As an aspiring photographer, Justin can think of no better way to honor his father’s memory than to scatter his ashes at the sites he held sacred. And there’s no one Justin would rather share the experience with more than Landry.
But Justin knows he can’t escape forever. Eventually he’ll have to return home and join his mother’s Senate campaign. Nor can he escape the truth of who he is, and the fact that he’s in love with his out-and-proud travel companion.
Admitting what he wants could hurt his mother’s conservative political career. But with every click of his shutter and every sprinkle of ash, Justin can’t resist Landry’s pull. And when the truth comes into focus, neither is prepared for the secrets the other is hiding.
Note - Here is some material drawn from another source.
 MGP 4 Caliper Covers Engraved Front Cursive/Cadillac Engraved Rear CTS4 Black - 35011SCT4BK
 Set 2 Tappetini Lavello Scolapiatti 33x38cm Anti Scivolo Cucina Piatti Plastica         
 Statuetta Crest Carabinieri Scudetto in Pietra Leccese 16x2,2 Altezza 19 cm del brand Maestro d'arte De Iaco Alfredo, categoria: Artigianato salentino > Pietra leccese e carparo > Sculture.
First up I think I should mention that I haven't read many M/M romances. I think this might be my third or fourth?
So there isn't much I can compare this to, at least when it comes to the smut part... But one the other hand - it's a cute and fluffy - and romance is romance, not matter who is involved right?
I also think I should just say up front that I don't think I'm ever going to be a huge M/M reader. It's just not really my kinda thing- well at least when it comes to the smut. But as I said, the cute & fluffy is not so much about the smut for me. And so I am sure I will be dabbling it M/M romances from time to time, especially if they are written like this one.
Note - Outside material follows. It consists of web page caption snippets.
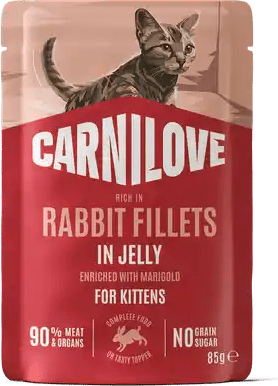 Carnilove Cat Rabbit Fillets Enriched Marigold Jelly 85g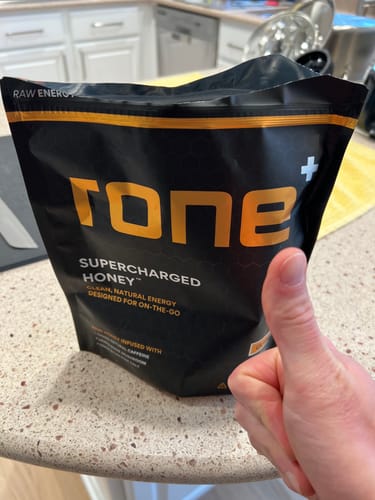 Customer photo review of (20-Pack) SuperCharged Honey - 100mg Caffeine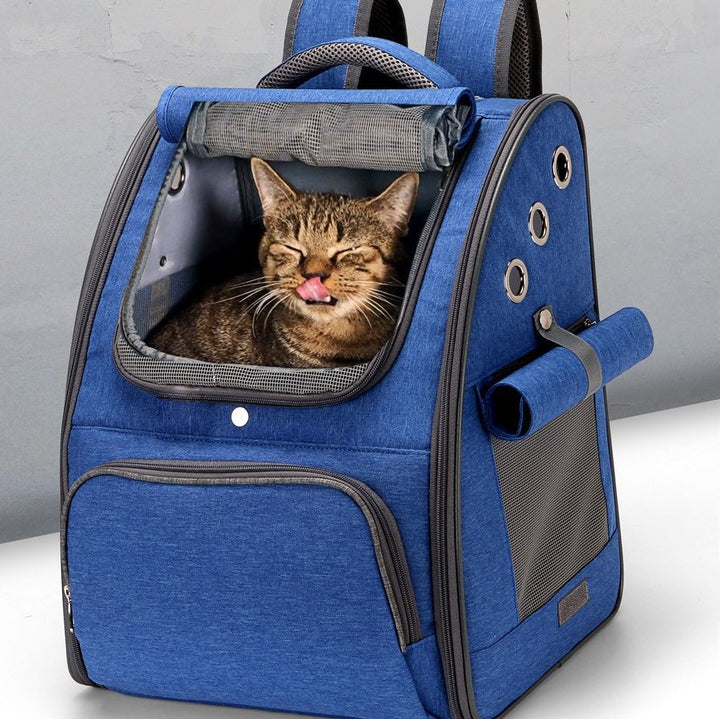 Discover the Foldable Pet Backpack Carrier: Travel in Style with Your Furry Friend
I like Erickson 's writing style which is why I immediately knew I wanted to read Trust the Focus. She writes beautifully, this novel made no exception. In fact while I do have some issues with this one, I think each book of Erickson makes me wanna read her next one. She is definitely an author on my to read list- and Trust the Focus established that fact even more.
The character building was done really well when it comes to the two MCs. I felt a bit iffy about the parents. They were way to black and white in my opinion, even if Erickson tried obviously to diffuse that, they were either too perfect or to pushy, to cliche really.
This being told from Justin's POV - it is his story really. And while I wanted to smack him over his stupid head at times, I also really adore him. The connection between Justin and Landry is written superbly, it's tangible. I adore their banter, got their issues and fears. In fact I felt like I've been on that road trip with them. Really a cute couple!
As I said, I am not a great lover of M/M smut and this didn't change my mind on it either. But this isn't really about the smut. It's a book about love and finding oneself. And that has nothing to do with gender.
The plot is a cute & fluffy even with it's couple of twists- most of them totally predictable- and the ending one hopes for and craves.
I honestly was having high hopes for the traveling bits- and frankly I felt a bit let down by them. Somehow Erickson didn't get that right for me. I can't explain why. She just didn't. I have travelled extensively and I travelled with my loverboy for several years.. so I admit that I might be a tough costumer to be please. It is something really dear to me, so possibly I am too much of a fusspot about it? All I can say is, I didn't find myself transported to the places they visited- It rather felt like something was ticked off an itinerary than it being an experience, which in fact traveling like that is, a life changing one.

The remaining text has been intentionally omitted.